The second part of the first volume sheds light on the field methods and analytical tools. The surveys have been mainly site-oriented, which has been stimulated by a rich pre-existing knowledge base from earlier work on site typology and assemblages by Adamesteanu (73). The focus on sites has also been encouraged by their clear presence as material concentrations against a background of very marginal noise, i.e. offsite materials. The survey areas were established based on the topographical, geological and geomorphological features of the Metapontino excluding the coastal plain which was regarded as being too disturbed by building and agricultural activities, as well as alluvial sedimentation.
Methodologically, archaeological field survey in the Metapontino developed from rather extensive and unsystematic fieldwork to a more intensive and systematic undertaking. Though starting, for example, with subjective criteria for site identification and employing a qualitative sampling strategy at sites, the surveys become organized towards rigorous quantitative spatial sampling in later phases of fieldwork between 1992 and 1999. Effects of post-depositional processes were recognized, offsite material was dealt with, the effects of ground visibility were taken into account and quantitative criteria for establishing site boundaries were introduced. This posed some obvious problems for comparing the results of the various campaigns. For the final analyses presented in these volumes, the decision was made to modify the new data to fit the old data (for which the actual transformation remains unspecified in the chapter). This has some consequences for the comparability of individual site samples. Moreover, for many of the sites, identification criteria for presence, typology and area have been partly based on subjective judgment by fieldworkers, and so the quantitative representativeness of the samples cannot be reliably established, which poses potential problems for comparison of sites within the chora as well as for comparison with data from other projects.

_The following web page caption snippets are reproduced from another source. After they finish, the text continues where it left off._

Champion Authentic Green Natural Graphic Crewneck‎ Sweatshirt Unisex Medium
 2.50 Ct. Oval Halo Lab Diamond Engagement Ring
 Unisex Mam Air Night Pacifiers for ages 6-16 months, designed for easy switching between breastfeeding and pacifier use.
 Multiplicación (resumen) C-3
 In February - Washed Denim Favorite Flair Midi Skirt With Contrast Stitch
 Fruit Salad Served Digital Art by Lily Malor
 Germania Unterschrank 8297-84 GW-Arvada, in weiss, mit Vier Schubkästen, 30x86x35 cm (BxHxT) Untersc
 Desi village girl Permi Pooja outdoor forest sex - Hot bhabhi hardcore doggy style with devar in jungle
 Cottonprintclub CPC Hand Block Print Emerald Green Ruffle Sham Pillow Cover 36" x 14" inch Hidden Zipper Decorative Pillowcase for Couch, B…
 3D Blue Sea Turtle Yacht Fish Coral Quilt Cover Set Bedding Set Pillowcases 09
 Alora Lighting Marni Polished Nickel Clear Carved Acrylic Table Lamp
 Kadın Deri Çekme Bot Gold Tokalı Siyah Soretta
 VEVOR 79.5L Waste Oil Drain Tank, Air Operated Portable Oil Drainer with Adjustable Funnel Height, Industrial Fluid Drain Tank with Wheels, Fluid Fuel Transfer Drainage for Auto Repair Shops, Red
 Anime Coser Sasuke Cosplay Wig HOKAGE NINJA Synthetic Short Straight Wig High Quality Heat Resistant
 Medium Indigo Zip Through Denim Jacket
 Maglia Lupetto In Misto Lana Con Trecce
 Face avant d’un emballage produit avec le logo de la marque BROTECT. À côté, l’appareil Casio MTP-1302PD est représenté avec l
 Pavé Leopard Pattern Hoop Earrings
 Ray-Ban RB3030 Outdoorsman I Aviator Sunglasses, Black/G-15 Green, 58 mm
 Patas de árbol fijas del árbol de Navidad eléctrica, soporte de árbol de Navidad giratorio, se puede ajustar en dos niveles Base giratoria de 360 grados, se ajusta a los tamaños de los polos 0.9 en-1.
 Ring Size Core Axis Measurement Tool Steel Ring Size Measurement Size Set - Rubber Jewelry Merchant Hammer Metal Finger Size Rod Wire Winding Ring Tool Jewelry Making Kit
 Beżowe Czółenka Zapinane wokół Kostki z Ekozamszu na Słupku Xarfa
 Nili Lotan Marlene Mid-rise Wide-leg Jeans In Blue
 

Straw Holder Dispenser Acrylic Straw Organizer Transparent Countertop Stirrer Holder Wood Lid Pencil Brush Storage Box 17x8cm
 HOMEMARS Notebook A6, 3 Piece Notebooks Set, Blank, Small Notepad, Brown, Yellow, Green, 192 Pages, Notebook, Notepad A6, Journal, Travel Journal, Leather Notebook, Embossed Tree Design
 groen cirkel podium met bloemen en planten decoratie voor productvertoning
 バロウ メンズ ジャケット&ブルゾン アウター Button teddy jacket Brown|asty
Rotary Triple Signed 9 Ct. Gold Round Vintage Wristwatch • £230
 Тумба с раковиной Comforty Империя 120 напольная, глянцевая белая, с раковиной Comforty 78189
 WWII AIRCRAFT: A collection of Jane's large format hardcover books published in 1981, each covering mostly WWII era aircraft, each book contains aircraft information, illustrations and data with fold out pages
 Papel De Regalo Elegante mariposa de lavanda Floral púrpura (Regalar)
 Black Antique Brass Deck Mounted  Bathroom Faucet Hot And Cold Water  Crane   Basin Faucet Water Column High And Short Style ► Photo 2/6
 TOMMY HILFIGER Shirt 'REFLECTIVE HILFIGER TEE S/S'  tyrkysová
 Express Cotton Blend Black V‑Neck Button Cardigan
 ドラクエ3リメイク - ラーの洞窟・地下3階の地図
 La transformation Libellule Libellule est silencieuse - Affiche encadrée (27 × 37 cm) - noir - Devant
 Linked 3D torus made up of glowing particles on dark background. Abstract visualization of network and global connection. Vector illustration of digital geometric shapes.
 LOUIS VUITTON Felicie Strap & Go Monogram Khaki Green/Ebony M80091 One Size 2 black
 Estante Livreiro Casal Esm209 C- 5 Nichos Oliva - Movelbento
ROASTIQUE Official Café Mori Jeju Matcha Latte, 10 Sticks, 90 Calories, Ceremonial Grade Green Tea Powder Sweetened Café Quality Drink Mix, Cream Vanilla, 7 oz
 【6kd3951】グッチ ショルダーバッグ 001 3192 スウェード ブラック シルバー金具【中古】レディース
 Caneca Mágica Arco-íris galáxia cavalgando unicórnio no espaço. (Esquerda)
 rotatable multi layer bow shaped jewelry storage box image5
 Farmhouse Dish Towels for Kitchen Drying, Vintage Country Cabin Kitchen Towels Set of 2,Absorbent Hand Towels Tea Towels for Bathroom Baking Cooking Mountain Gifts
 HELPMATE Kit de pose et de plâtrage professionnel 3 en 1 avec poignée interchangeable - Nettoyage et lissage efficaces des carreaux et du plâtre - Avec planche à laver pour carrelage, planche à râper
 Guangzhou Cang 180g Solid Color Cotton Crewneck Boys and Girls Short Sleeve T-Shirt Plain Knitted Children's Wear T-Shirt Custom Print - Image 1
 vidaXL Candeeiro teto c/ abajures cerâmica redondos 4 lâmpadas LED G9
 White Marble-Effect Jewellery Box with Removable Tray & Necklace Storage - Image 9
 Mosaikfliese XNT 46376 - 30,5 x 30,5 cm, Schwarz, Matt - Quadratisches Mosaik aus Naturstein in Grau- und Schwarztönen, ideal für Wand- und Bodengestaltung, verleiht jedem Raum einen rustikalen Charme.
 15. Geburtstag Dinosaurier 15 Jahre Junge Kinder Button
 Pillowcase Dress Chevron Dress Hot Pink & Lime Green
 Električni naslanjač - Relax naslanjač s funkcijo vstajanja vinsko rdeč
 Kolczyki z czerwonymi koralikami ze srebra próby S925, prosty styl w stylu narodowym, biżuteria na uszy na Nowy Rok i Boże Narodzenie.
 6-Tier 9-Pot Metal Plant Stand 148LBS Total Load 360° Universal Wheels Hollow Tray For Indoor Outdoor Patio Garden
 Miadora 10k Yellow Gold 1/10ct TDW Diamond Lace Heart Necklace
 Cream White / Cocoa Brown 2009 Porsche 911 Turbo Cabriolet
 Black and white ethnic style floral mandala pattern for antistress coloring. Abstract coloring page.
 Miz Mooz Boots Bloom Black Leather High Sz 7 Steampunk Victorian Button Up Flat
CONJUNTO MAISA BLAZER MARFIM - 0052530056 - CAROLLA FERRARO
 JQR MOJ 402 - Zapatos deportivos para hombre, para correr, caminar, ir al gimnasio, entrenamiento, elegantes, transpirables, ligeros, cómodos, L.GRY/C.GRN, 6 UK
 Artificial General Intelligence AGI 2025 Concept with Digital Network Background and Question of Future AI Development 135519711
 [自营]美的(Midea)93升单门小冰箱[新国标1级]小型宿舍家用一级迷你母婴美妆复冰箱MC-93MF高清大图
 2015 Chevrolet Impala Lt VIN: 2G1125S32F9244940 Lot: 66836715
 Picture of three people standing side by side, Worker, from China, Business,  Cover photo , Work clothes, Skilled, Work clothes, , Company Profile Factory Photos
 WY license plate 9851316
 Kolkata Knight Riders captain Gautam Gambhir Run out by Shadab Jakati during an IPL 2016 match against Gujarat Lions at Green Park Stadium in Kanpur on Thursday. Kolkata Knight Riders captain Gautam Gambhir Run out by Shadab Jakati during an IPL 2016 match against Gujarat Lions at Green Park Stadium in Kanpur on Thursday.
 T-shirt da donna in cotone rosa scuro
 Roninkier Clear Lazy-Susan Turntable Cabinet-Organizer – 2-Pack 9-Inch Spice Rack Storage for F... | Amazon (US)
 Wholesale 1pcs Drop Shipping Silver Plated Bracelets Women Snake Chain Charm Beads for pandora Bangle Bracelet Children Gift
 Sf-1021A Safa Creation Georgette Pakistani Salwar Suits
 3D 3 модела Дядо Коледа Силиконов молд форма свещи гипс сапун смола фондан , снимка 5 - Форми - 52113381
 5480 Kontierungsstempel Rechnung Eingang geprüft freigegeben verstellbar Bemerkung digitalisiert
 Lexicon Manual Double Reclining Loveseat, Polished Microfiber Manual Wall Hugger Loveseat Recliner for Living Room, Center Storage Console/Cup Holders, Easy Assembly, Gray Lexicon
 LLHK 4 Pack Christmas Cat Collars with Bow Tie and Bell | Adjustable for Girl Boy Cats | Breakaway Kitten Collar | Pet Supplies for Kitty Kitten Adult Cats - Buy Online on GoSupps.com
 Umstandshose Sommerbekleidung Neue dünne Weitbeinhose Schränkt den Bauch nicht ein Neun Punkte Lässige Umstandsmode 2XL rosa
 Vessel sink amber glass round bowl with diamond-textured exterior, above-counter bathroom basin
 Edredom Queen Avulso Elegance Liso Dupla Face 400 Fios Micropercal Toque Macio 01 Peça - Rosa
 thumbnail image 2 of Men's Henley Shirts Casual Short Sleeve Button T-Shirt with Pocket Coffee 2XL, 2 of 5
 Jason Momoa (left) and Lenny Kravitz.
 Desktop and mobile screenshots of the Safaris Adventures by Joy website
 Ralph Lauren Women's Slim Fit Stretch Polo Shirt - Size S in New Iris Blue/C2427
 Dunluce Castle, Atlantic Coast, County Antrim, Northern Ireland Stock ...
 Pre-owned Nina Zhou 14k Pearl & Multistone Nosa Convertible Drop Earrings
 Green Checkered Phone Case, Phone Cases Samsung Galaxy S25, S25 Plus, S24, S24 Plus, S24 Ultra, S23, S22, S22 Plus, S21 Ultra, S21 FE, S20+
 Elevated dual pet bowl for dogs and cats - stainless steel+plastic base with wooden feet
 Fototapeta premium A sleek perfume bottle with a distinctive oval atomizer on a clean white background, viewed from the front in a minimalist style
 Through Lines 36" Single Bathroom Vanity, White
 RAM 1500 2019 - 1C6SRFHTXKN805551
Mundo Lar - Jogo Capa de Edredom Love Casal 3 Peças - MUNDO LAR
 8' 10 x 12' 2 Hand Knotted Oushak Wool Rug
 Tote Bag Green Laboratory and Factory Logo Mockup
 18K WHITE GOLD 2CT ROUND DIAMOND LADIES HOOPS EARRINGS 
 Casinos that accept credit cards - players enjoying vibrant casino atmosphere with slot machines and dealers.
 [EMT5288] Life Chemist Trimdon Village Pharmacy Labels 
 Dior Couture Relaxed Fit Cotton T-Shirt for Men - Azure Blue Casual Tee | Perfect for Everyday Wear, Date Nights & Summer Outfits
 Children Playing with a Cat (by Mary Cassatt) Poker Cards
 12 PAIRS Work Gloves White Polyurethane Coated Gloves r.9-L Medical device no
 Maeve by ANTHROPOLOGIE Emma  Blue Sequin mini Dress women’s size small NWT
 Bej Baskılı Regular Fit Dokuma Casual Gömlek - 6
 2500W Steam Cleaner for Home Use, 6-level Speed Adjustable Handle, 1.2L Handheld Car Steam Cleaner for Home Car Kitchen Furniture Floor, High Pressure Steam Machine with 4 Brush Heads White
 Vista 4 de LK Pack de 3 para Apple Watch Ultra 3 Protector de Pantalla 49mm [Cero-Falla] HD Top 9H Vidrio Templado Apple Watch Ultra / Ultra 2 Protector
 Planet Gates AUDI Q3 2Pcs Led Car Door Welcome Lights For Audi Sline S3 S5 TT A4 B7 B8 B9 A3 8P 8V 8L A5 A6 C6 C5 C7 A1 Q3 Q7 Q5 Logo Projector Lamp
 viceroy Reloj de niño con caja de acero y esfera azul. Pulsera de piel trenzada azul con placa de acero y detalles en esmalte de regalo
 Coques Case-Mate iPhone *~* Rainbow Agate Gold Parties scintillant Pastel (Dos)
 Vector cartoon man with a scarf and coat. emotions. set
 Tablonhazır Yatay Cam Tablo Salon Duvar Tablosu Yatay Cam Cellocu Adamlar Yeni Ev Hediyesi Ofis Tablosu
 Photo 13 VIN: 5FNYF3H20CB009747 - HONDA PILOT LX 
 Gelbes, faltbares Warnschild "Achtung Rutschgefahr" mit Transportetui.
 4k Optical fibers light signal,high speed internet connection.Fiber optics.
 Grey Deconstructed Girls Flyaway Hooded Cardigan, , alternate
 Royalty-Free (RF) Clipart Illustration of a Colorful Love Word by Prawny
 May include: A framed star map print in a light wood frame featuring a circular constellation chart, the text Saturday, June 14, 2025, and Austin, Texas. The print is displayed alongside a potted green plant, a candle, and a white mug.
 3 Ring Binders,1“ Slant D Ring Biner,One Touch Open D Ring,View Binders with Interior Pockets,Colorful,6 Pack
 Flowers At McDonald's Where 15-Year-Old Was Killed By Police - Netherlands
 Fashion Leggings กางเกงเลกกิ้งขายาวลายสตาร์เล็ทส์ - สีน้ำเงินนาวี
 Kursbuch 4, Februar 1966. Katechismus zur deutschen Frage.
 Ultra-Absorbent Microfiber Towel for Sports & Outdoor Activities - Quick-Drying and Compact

The issue of representativeness of the sites as a proportion of the distribution and intensity of activity in antiquity is then assessed. Stating the impossibility of total recovery, the authors argue that their sample is likely to be an apt reflection of the past: they collected a large sample, proportionally distributed over the different topographical and geomorphologic elements, and human error was limited since resurveys in different seasons showed comparable results. The authors claim that the little offsite material present should likely be explained by post-depositional processes causing movements of artefacts from areas they were originally deposited in antiquity.3
In Chapter 4, the GIS methods are explained, but the statistical procedures for establishing site dates and relative site importance draw the most attention here. Two important metrics used throughout the interpretative parts of the volumes may be singled out for comment. The first is the Estimated Artifact Weight (EAW). Dates for single sites are established by a complex procedure: several probabilistic date distribution curves are plotted in one histogram per site for its datable artefacts, clusters are then established by assessing date ranges with the largest cumulative probability, and after this their average is recorded as a ‘best date’. The score for each 50-year date bin is called the EAW, which above a certain threshold is categorized as significant (it must be stressed that the ‘significance levels’ defined for the EAW are judgmental, and do not represent formal statistical significance). This is a clever way to deal quantitatively with site dating, though a problem might be that the number of datable artefacts used for such a quantitative approach is not large enough to warrant such precise outcomes: the material can often not be dated to narrow time-frames, and one sample of fine wares is not necessarily quantitatively comparable with another.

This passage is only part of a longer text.